▶ Your assignment: Retype exactly what appears below from the line containing "Searchlight® I Пендел" down to the line containing "アディダス adidas 美品", keeping both end lines. Do not include pictures.

▶ Supplied data:
────────────────────────────────────────
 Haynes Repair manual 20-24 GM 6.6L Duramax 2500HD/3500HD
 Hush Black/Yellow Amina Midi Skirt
────────────────────────────────────────
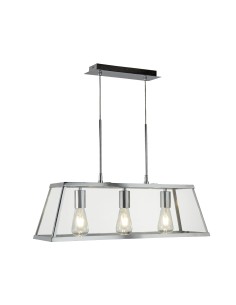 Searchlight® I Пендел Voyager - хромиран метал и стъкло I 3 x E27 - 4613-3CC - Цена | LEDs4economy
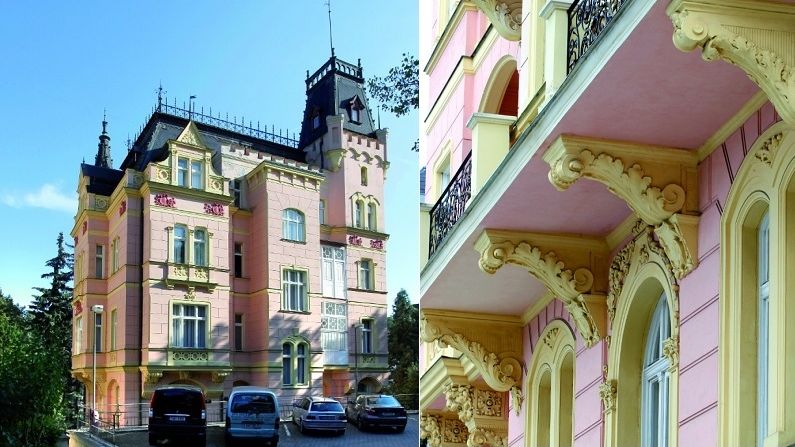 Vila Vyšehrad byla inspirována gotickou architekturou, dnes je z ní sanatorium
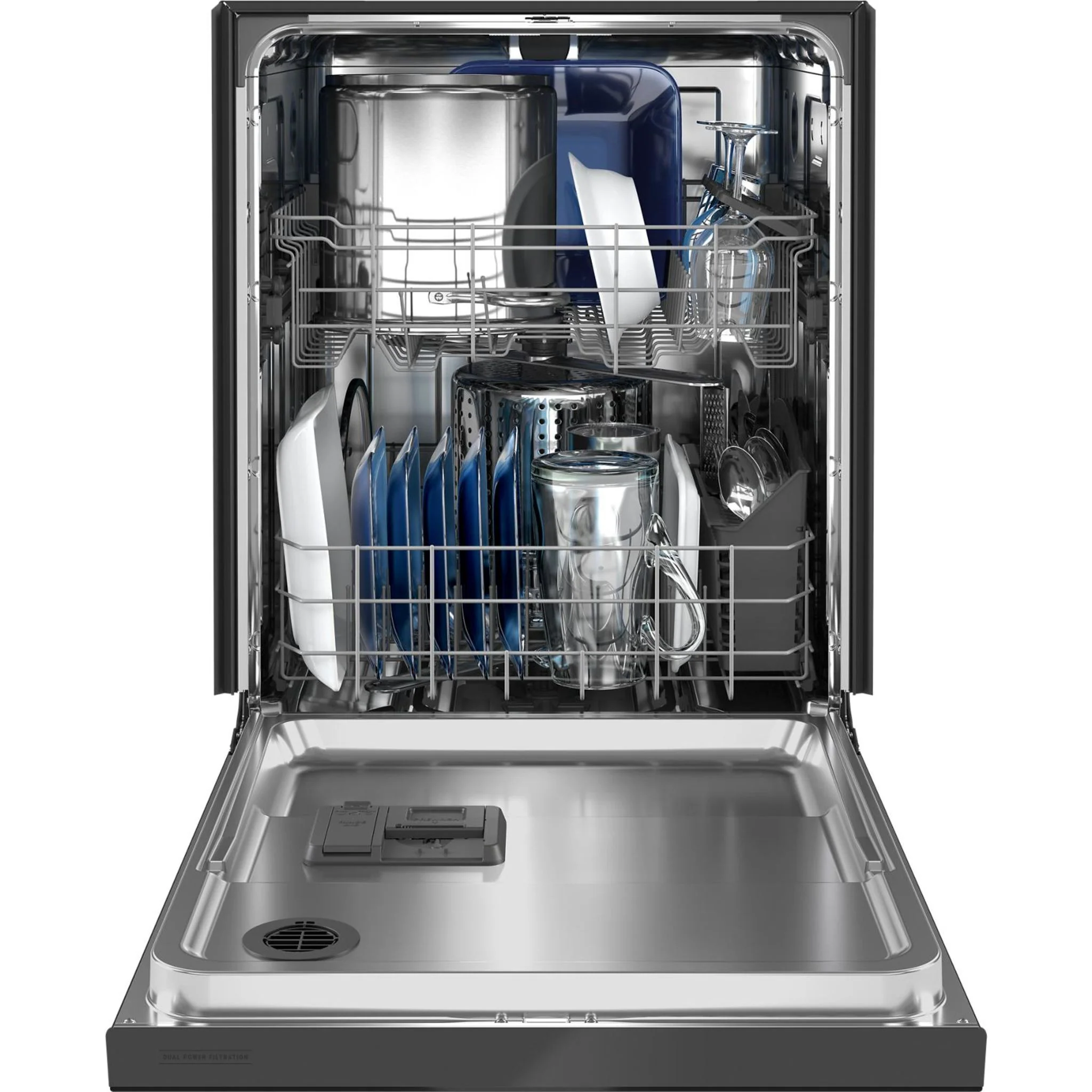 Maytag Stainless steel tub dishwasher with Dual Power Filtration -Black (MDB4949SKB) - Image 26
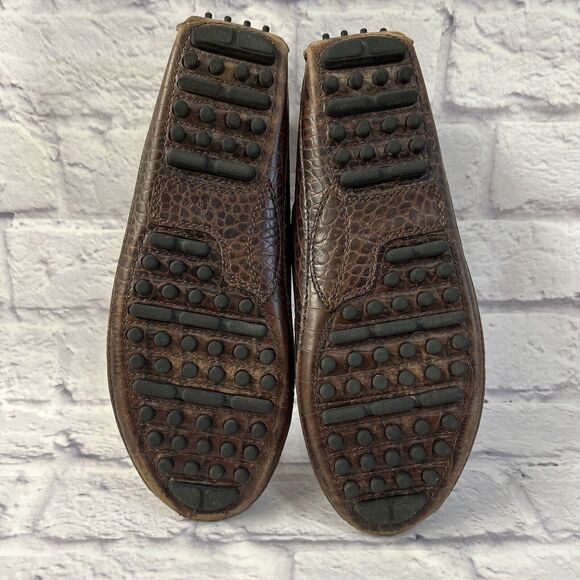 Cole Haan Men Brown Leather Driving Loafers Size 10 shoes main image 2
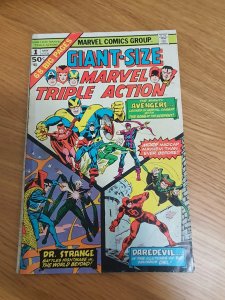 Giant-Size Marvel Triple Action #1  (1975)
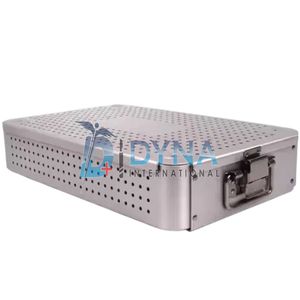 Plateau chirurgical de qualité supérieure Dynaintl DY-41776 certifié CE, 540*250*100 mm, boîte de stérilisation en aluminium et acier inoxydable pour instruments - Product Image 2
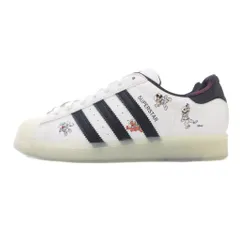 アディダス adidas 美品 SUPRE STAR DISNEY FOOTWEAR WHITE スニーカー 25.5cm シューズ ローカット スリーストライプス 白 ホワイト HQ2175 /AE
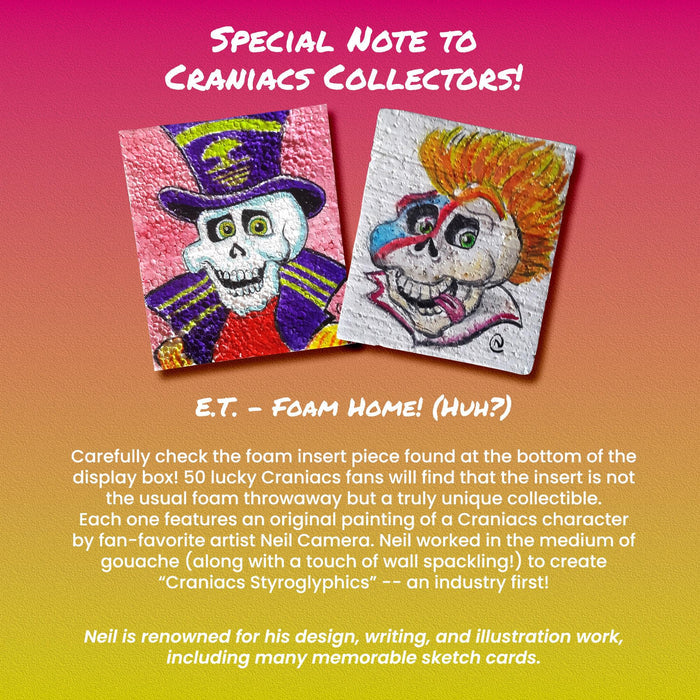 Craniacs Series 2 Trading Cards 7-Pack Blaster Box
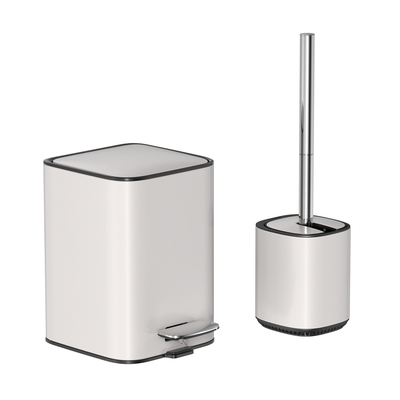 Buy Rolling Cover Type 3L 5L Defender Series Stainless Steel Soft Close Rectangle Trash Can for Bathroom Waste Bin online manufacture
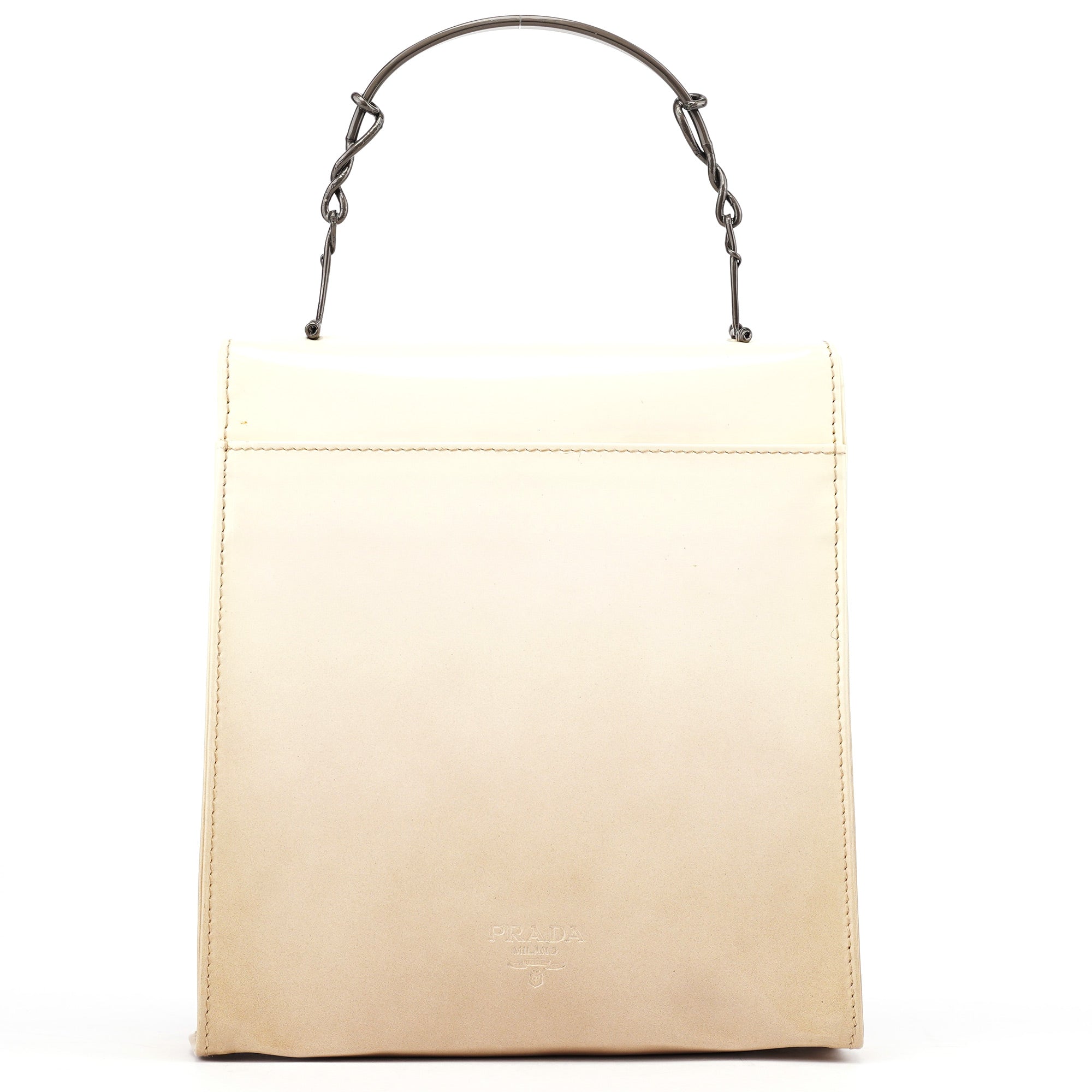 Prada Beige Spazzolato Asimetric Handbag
────────────────────────────────────────
▶ Exercise answer:
 Searchlight® I Пендел Voyager - хромиран метал и стъкло I 3 x E27 - 4613-3CC - Цена | LEDs4economy
 Vila Vyšehrad byla inspirována gotickou architekturou, dnes je z ní sanatorium
 Maytag Stainless steel tub dishwasher with Dual Power Filtration -Black (MDB4949SKB) - Image 26
 Cole Haan Men Brown Leather Driving Loafers Size 10 shoes main image 2
 Giant-Size Marvel Triple Action #1  (1975)
 Plateau chirurgical de qualité supérieure Dynaintl DY-41776 certifié CE, 540*250*100 mm, boîte de stérilisation en aluminium et acier inoxydable pour instruments - Product Image 2
 アディダス adidas 美品 SUPRE STAR DISNEY FOOTWEAR WHITE スニーカー 25.5cm シューズ ローカット スリーストライプス 白 ホワイト HQ2175 /AE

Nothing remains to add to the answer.